Williams Offers Wisdom to Young Scribes
Distinguished Speakers Series
By Jocelyn Jones
Journalist, commentator, author and political speaker Juan Williams advised aspiring communications students to continually work on their writing if they want to achieve success in all aspects of global media.
Williams' comments came during an exclusive interview with The Spectrum prior to his keynote address to close the inaugural season of the Distinguished Events Series launched in October 2009 by the Office of the Provost at Bowie State University. Williams spoke to more than 100 students, faculty, staff and administrators gathered for the event in the Special Collections Room of the Thurgood Marshall Library.
"To my mind there are so many changes going on in journalism right now because of economic problems, you can say economic issues, but I think they're problems where people don't know where the money is to pay us as journalists," Williams said, seated at a conference table in the library dean's conference room.
"So people are inventing new platforms," said Williams, a national journalist and political commentator for NPR and Fox News and a former Washington Post reporter. "You have to keep in mind what's going on the Internet [and other] electronic media. If you are writing I think you can apply any of those stories to any platform: radio, TV or newspaper, but it all starts with writing. You should be writing about anything you like (fashion, music etc.) create a blog that contributes to other blogs about that subject so people come to you as an expert and get to know you."
Many students do not know how important it is to earn a college degree and to gain hands-on experience, Williams said. It is tough in the real world and each day students must prepare themselves. It may not be easy, and there will be tough decisions and choices to make, but that is all part of growing up.
"School can help you find that path to get the experience, it also helps you open doors for internships," Williams said. "If you have to get up and go on your own it is good to follow your own path, but that's for someone who is fairly disciplined and knows what they want to do. Right now, things are in so much flux that it might help to have the structure of academic training and someone older as a teacher guiding you through the [process]."
It is clear that Williams' passion is writing. He was editor of his junior high school and high school newspapers while growing up in New York City.

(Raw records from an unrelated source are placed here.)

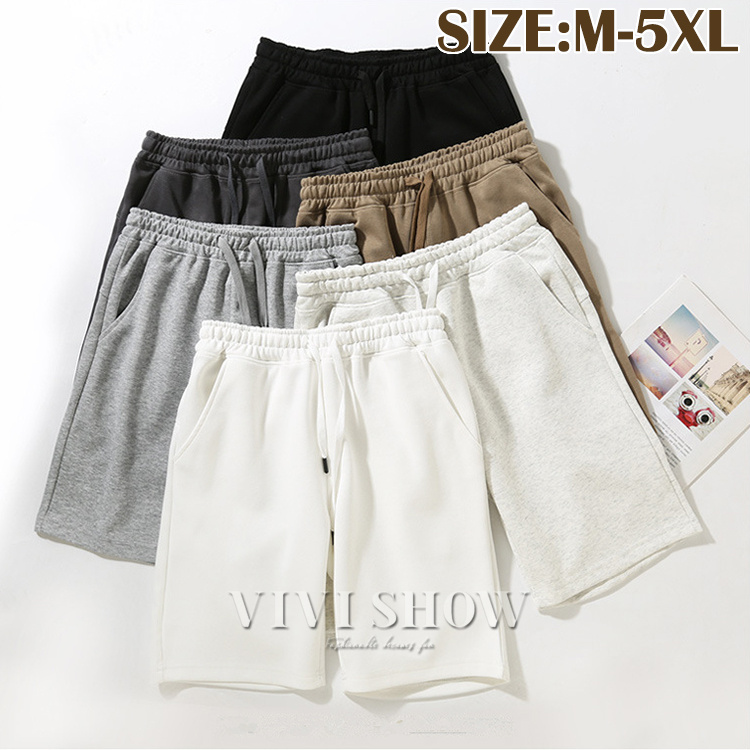 メンズ 半パン ハーフパンツ スウェットパンツ ショートパンツ 5分丈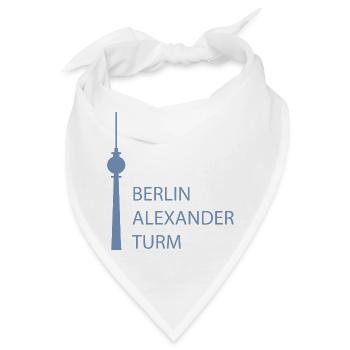 Lustiger Berlin Fernsehturm Parodie Minimal  - Bandana - Weiß - Vorne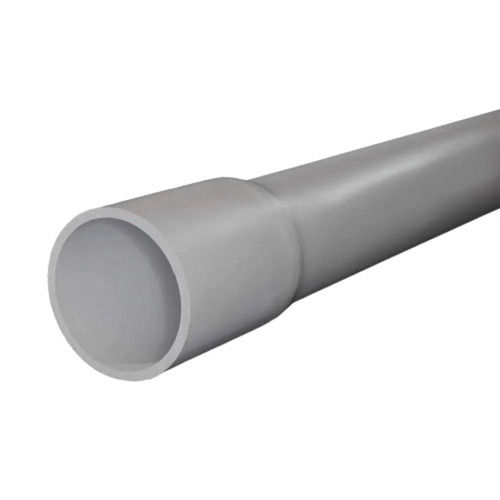 Grey 4Mm Thick 2 Inches Round Rigid Poly Vinyl Chloride Plumbing Pipe For Construction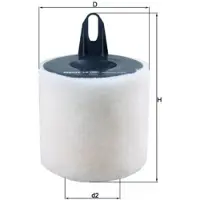 MAHLE ORIGINAL Ilmansuodatin Mahle, LX 1651 - BMW - 1-SERIE-serie, E9*, X1 e84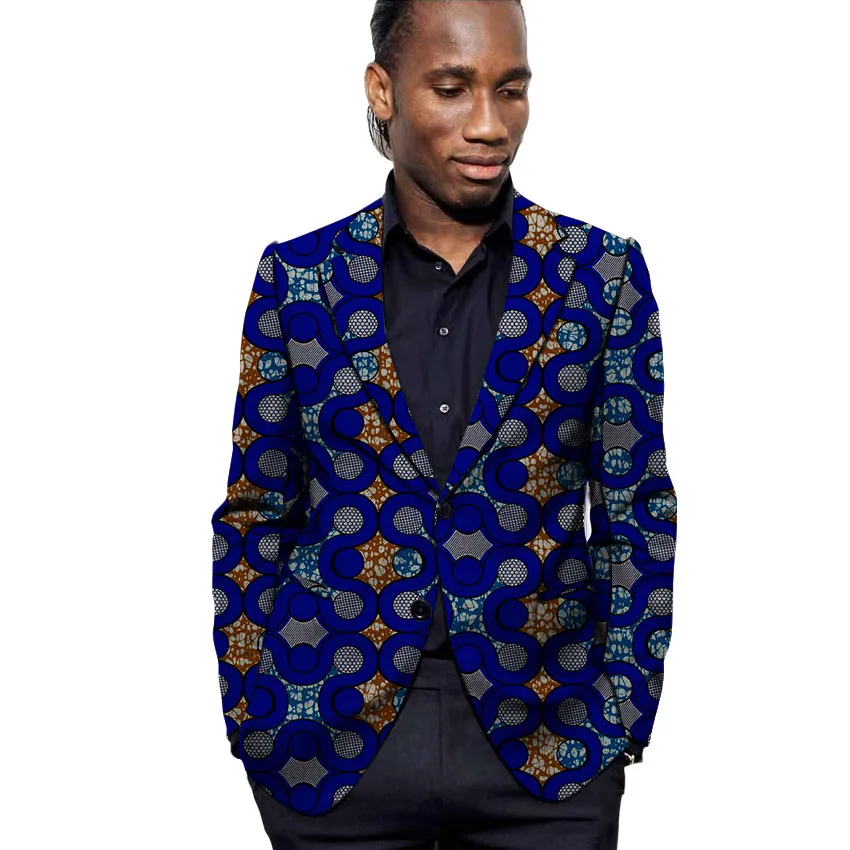 Men blazer dashiki print suit jacket customized for African party/wedding Ankara coat slim fit formal man's outfit
Men blazer dashiki print suit jacket customized for African party/wedding Ankara coat slim fit formal man's outfit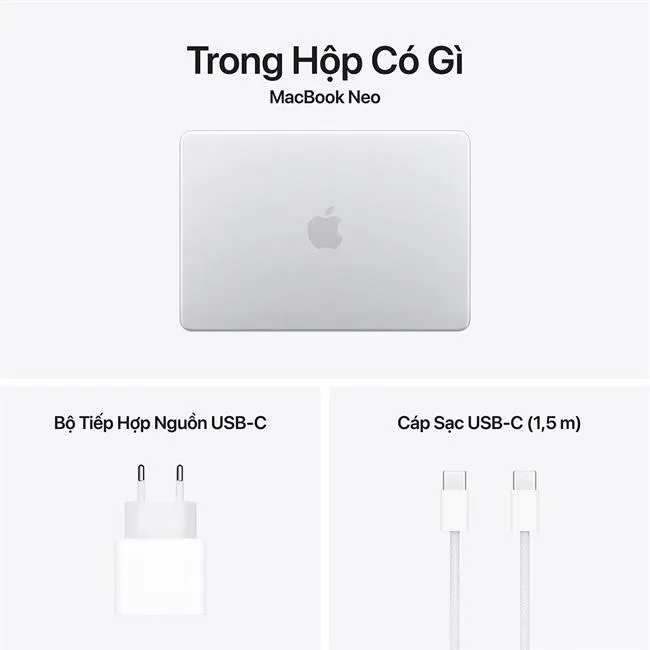 MacBook Neo 13 inch A18 Pro 8GB/256GB màu Bạc – ảnh 30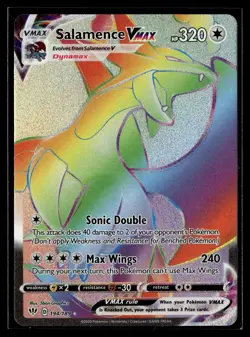 Salamence VMAX 194/189 Darkness Ablaze Rare Rainbow Pokemon - Image 1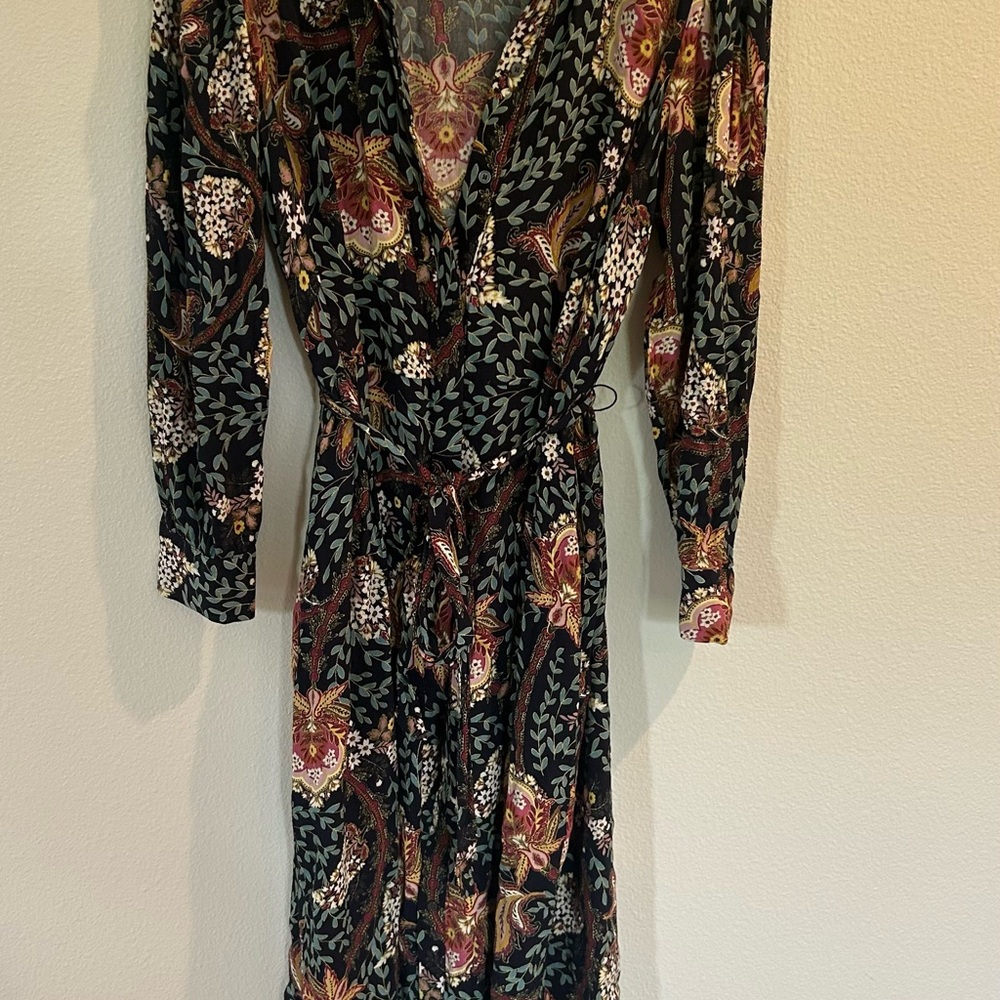LOFT Long Sleeve Shirt Dress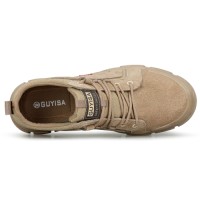 GUYISA High-Security Impact and Stab Resistant Safety Shoes for Construction & Heavy Industry Durable Rubber Outsole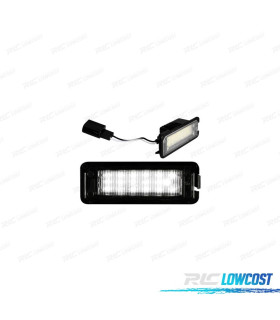 ÉCLAIRAGE DE PLAQUE D´IMMATRICULATION LED POUR SEAT LEON III 13-16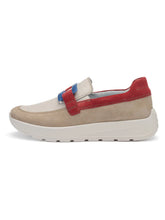Load image into Gallery viewer, Ara Slip On Red, Beige Blue Shoes 12-25122 08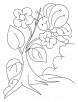 Butterfly also celebrating an arbor day coloring pages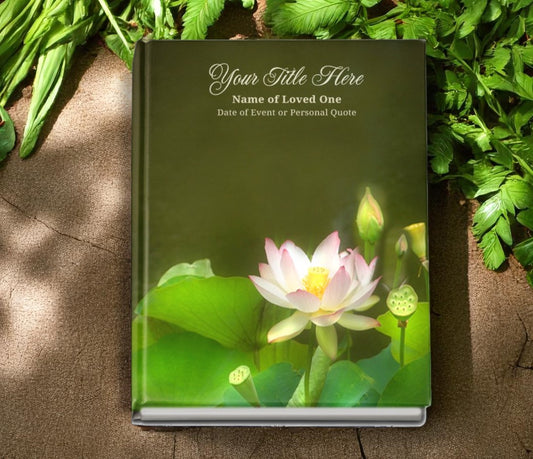 Lotus Funeral Guest Book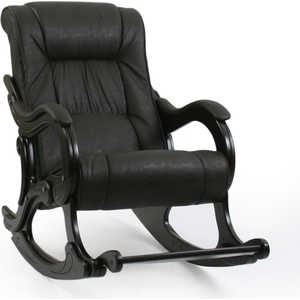Кресло-качалка Мебель Импэкс МИ Модель 77 каркас венге с лозой,обивка Дунди 108 кресло качалка мебелик сайма экокожа шоколад каркас венге структура п0004568
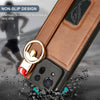 For Asus ROG Phone 8 Wristband Leather Back Phone Case(Brown)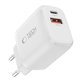 Chargeur secteur NCA30 2-PORT PD 30W / QC3.0 + Lightning Cable, blanche, Tech-Protect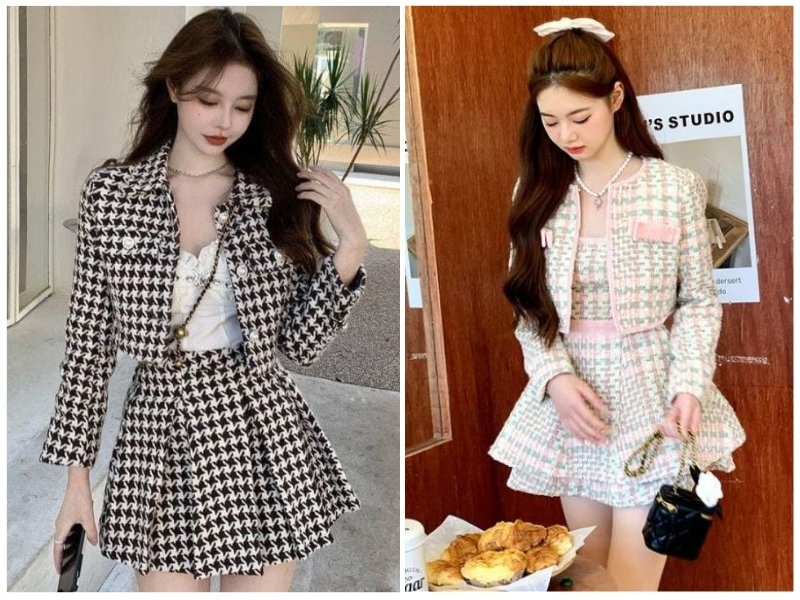 cách phối đồ với áo khoác dạ ngắn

As a college freshman, he interned at the Philadelphia Evening Bulletin. He was hired during his sophomore year to work at the paper two days a week, which was expanded to three days a week during the summer.
Williams landed a Dow Jones Newspaper Fund summer internship and was assigned to the Providence Journal in Rhode Island. That same summer, Williams was among two of the 20 Dow Jones interns hired by The Washington Post as one-year interns. But after six months on the job, Williams was hired full-time at the Post, where he stayed on for 23 years.
While many major metropolitan daily newspapers are no longer in existence or folding, Williams said the Post is still on top of its game. Like most big-city dailies, the Post is experiencing the financial challenges that come with declining readership and advertising revenue, however the paper essentially has a monopoly in a major market.
"It focuses more on local news and the people in this market," Williams said. "It's like a company paper. People have to read it on some level, especially if they work for the government. That is a huge advantage, this is a pretty big area, it's not one of the biggest, but we are in the top ten, about 3 million people live in the D.C. area. We're not as big as New York, L.A., or Houston."
The Post has made a conscious decision not to become a national newspaper, such as the New York Times, Los Angeles Times, Wall Street Journal and USA Today, which are national newspapers that can be found anywhere.
"Once you get out this are the Post is very hard to find," Williams said. "The result is that there is a real emphasis on local advertising and a promise to local advertisers that their ads will be seen by local eyes, who can buy their products. The big money makers for the Post these days is Kaplan testing, the people who prepare you for tests."
The industry is changing rapidly, and in order to get hired, aspiring communicators must write so that they can become experts in their chosen areas of interest, Williams advised. "Learn other languages. Spanish is a big plus on your résumé these days. Get experience, prove you can do it, and [get] some bylines. Show them that you have been doing journalism. It's a quantitative leap if people can see [that you can] do it."